Une pièce lyrique et techno magnifie la virtuosité technique des danseurs du TanzMainz (ou Ballet de Mayence).

Après la présentation rituelle du maire de Vaison, Jean-François Périlhou et du directeur artistique du festival, Pierre-François Heuclin et une première partie circassienne du quintette de Gautier Fayolle, Unisphere, clignant de l’œil aux J.O., nous avons pu découvrir la pièce de Sharon Eyal co-chorégraphiée par Gai Behar, Soul Chain (2019).

Il fallait bien seize danseurs pour occuper le vaste plateau vaisonnais et affronter les milliers de regards provenant du parterre et des gradins de l’amphithéâtre bimillénaire. La troupe de Honne Dohrmann est formée d’hommes et femmes, pour l’occasion uniformément vêtus d’un justaucorps couleur chair designé par Rebecca Hytting, masquant l’essentiel et dévoilant avec malice les poitrines pubescentes ou plus velues des interprètes mâles. Ce côté guerrier, on le retrouve dans la discipline de fer, l’unisson groupal, le gimmick ironique du salut militaire repris par l’affiche du spectacle et du programme. Les entrées et sorties se font sans tambour ni trompette, au son de la musique électro d’Ori Lichtik ; les lignes chorales bougent en tous sens ; les groupements et entrecroisements rappellent ceux, complexes, de Busby Berkeley, qui étaient d’abord destinés aux défilés des soldats américains de la guerre de 14, ensuite aux girls de Ziegfeld, enfin à celles des musicals hollywoodiens.

Sauf qu’ici les girls le partagent avec les boys.
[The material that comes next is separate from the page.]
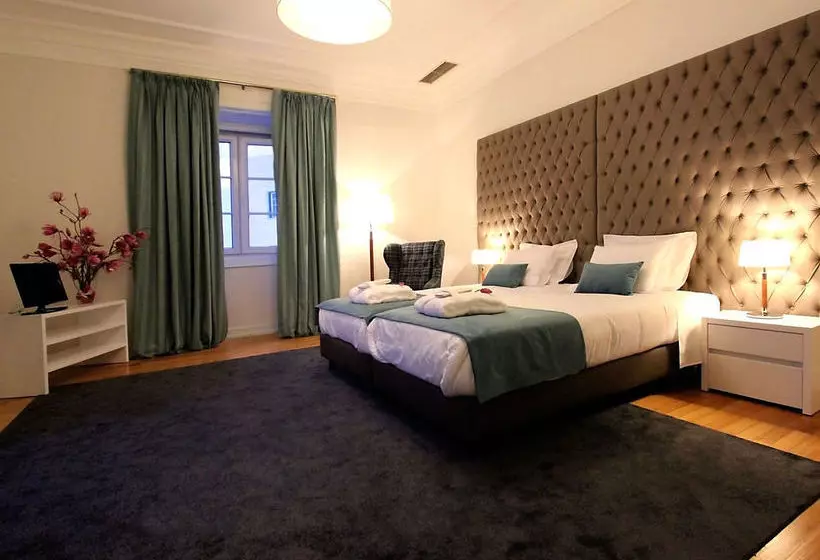 Fotos del hotel Solar Da Cerca Do Mosteiro:  20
Et que l’assujettissement consenti par la troupe n’est pas synonyme d’aliénation, de fordisme, taylorisme ou stakhanovisme mais une des conditions de la création chorégraphique, de la vocation ou du métier d’artiste-interprète. Il faut dire que, par-dessus le marché, les auteurs ajoutent à la pièce la contrainte de la locomotion par élévation, une heure durant, sur les demi-pointes – Sharon Eyal et Gai Behar ne vont pas jusqu’au ballet sur pointes, comme celui, un tantinet sadique, de Cecilia Bengolea et François Chaignaud, Devoted (2015). On demeure, somme toute, plus près du contemporain que du néoclassique, la danse étant celle de va-nu-pieds tout juste protégés par des chaussettes hautes et robustes de type Falke. Quelques-unes et un obtiendront en deuxième partie de programme un bon de sortie du lot, un droit de solo. Au caractère apollonien de la pièce, à son côté lisse, sans bavure, qui produit à coup sûr un effet de fascination, se heurtent ces variations mettant en valeur l’un(e) ou l’autre des individualités. Ces danses dans la danse, brèves ou prolongées, changent les interprètes en chorégraphes.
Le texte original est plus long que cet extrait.